(Captioned web images)
BEGIN

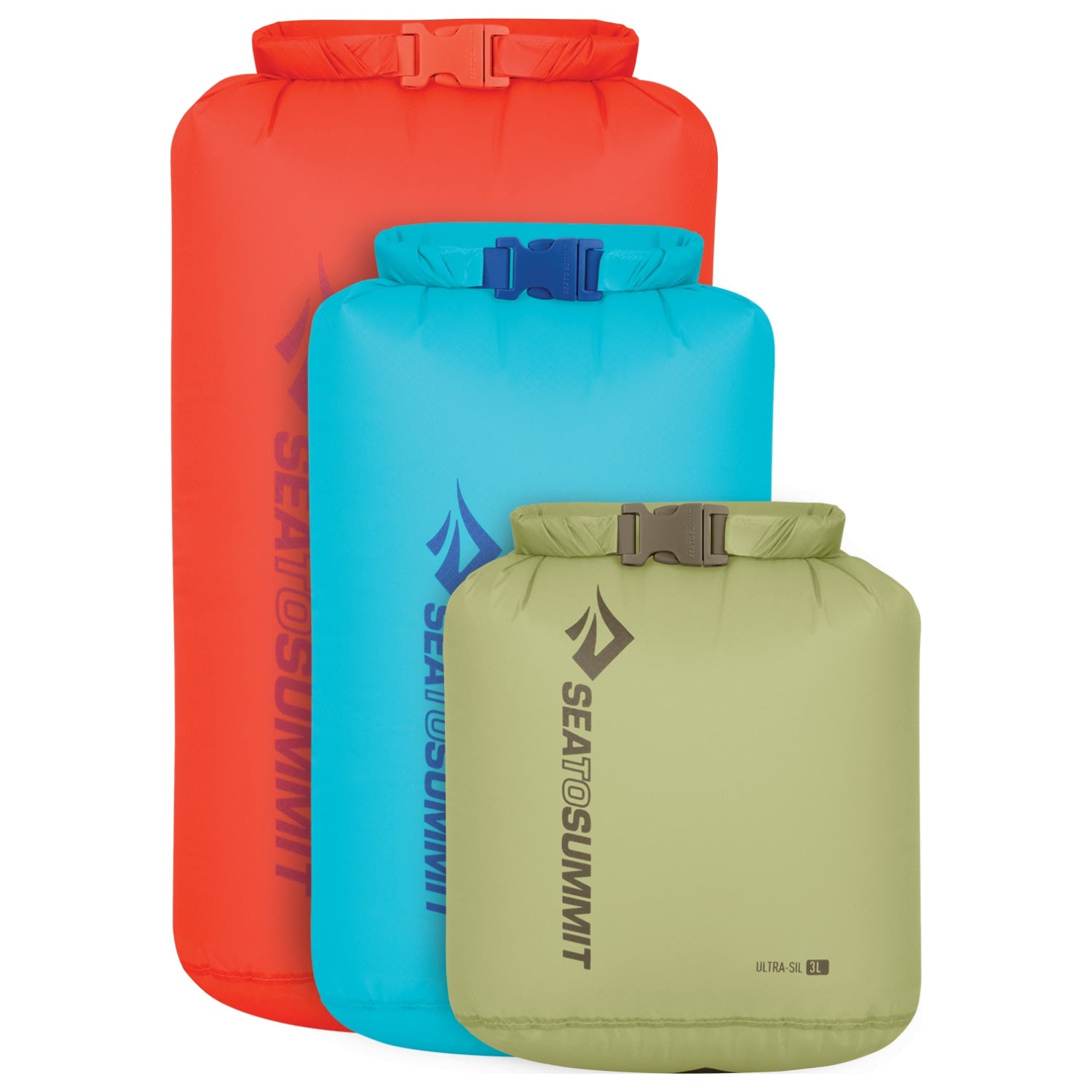 Sea to Summit Sea To Summit Ultra-Sil Dry Bag Set 3L/5L/8L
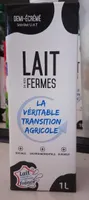 LAIT DE NOS FERMES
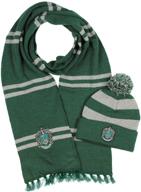 stay warm and stylish with the potter hogwarts houses ravenclaw beanie - perfect boys' accessories for cold weather! logo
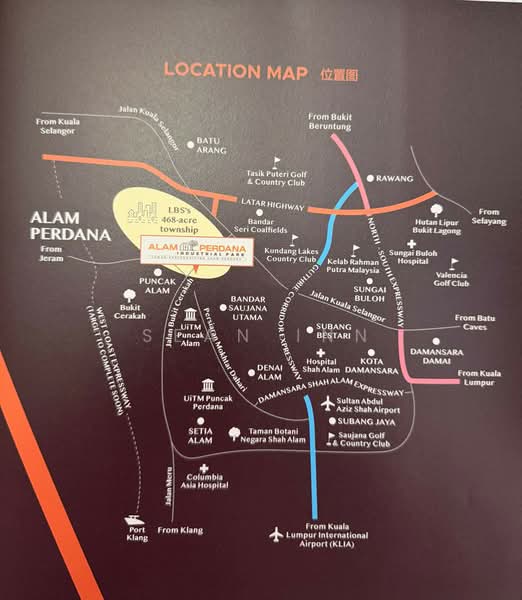 Kilang untuk Dijual di Alam Perdana (Puncak Alam) - Sean Inn - View - PropertyGuru.com.my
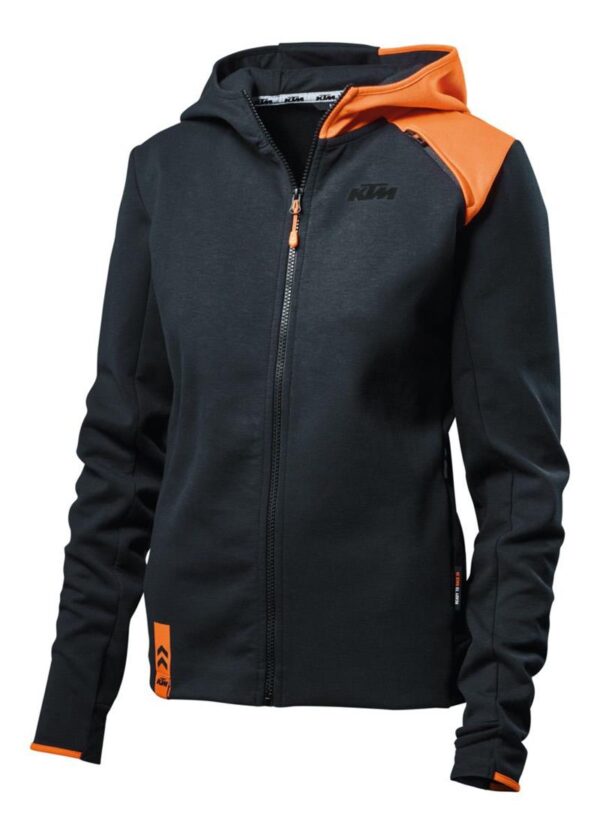 3PW1983105-WOMEN UNBOUND ZIP HOODIE-image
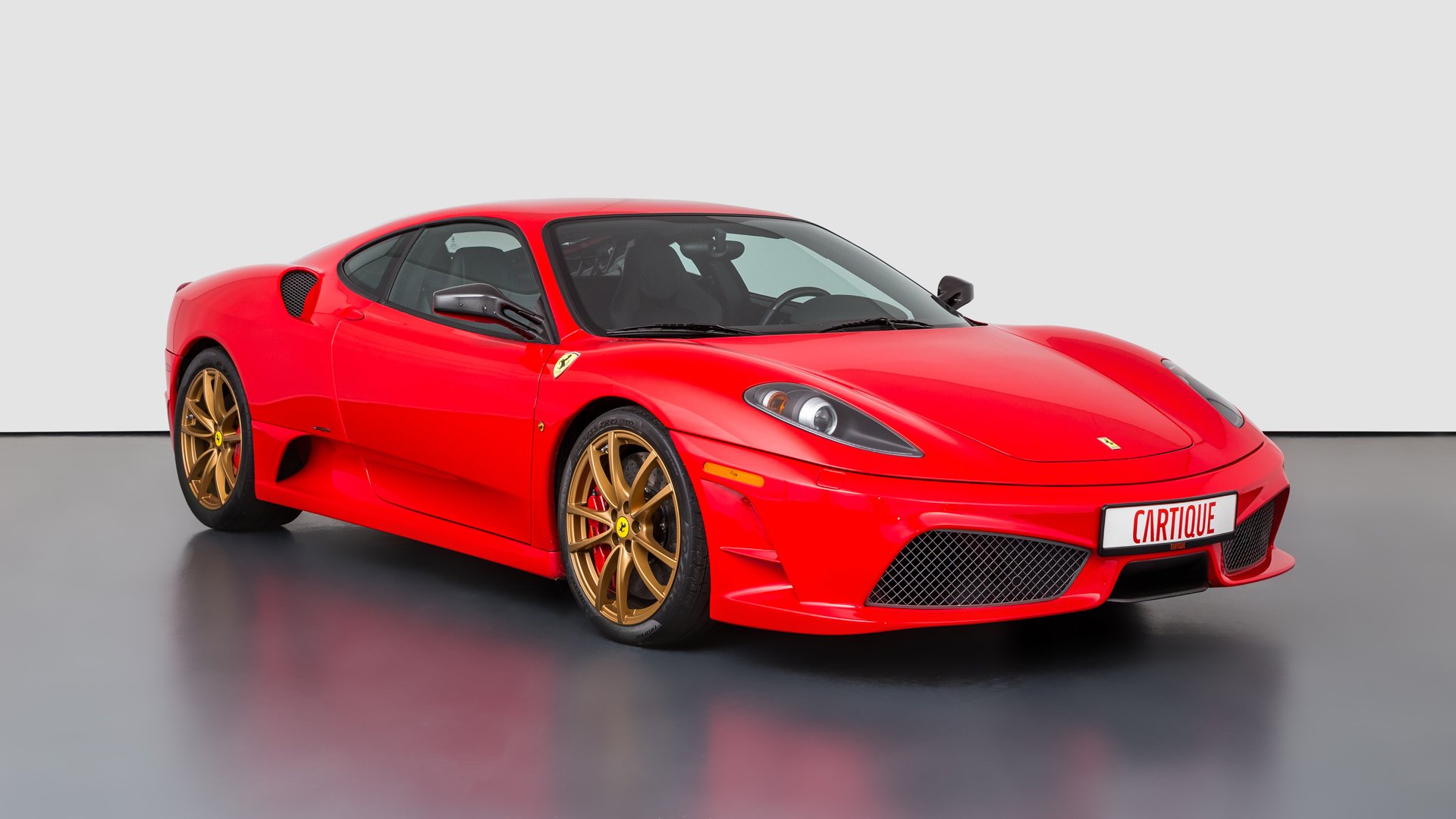 2008 Ferrari F430 Scuderia Classic Driver Market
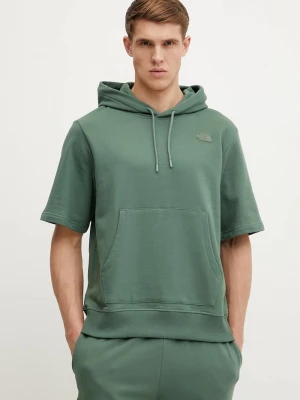 Obrázek produktu The North Face Bavlněná mikina The North Face Relaxed zelená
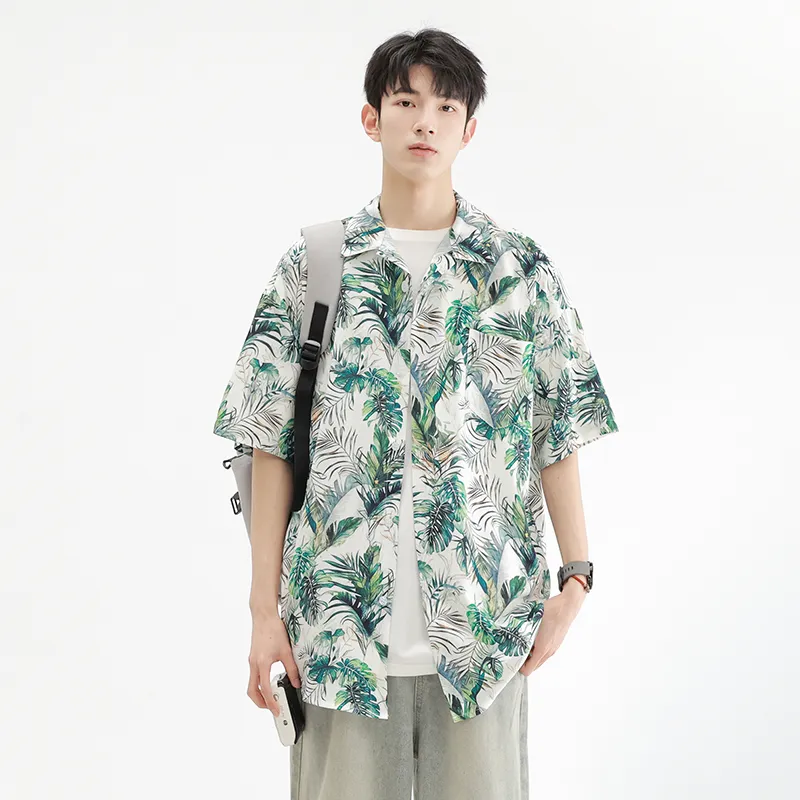 TIMD Shirt Unisex Begonia Bay Green-2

END

* [Exercise brief] A precise repetition of every entry, free of pictures, is the expected answer.

* [Solution below]
 Sea to Summit Sea To Summit Ultra-Sil Dry Bag Set 3L/5L/8L
 LAIT DE NOS FERMES
 stay warm and stylish with the potter hogwarts houses ravenclaw beanie - perfect boys' accessories for cold weather! logo
 Kilang untuk Dijual di Alam Perdana (Puncak Alam) - Sean Inn - View - PropertyGuru.com.my
 3PW1983105-WOMEN UNBOUND ZIP HOODIE-image
 2008 Ferrari F430 Scuderia Classic Driver Market
 Obrázek produktu The North Face Bavlněná mikina The North Face Relaxed zelená
 TIMD Shirt Unisex Begonia Bay Green-2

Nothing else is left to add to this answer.